[Scikit-learn-general] Adaline (adaptive linear neuron) classifier

Discussion:

Sebastian Raschka

2015-04-04 04:16:24 UTC

Hi,

maybe I overlooked something, but I couldn't find the classic adaline (ADAptive LInear NEuron) in scikit-learn. It's probably not that useful (anymore) since we have logistic regression and support vector machines, but maybe it would not be a bad idea to add for the sake of completeness (and since scikit-learn also has a perceptron)?

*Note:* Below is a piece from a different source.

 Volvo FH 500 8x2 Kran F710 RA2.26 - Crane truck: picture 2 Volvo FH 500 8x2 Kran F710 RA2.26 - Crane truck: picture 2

The implementation would be similar to logistic regression, but the cost function is the sum of the squared errors like in linear regression. It could be added to the SGDClassifier as loss='linear' or loss='adaline' plus a separate implementation using liblinear.

The reference would be:
B. Widrow et al. Adaptive ”Adaline” neuron using chemical ”memistors”. Number Technical Report 1553-2. Stanford Electron. Labs., Stanford, CA, October 1960

What do you think?

Best,
Sebastian

Andy

2015-04-05 15:00:38 UTC

Permalink

Hi Sebastian.
First off, if this is a classification algorithm with sum of squared
errors, you can just do it using linear regression + OvRClassifier, right?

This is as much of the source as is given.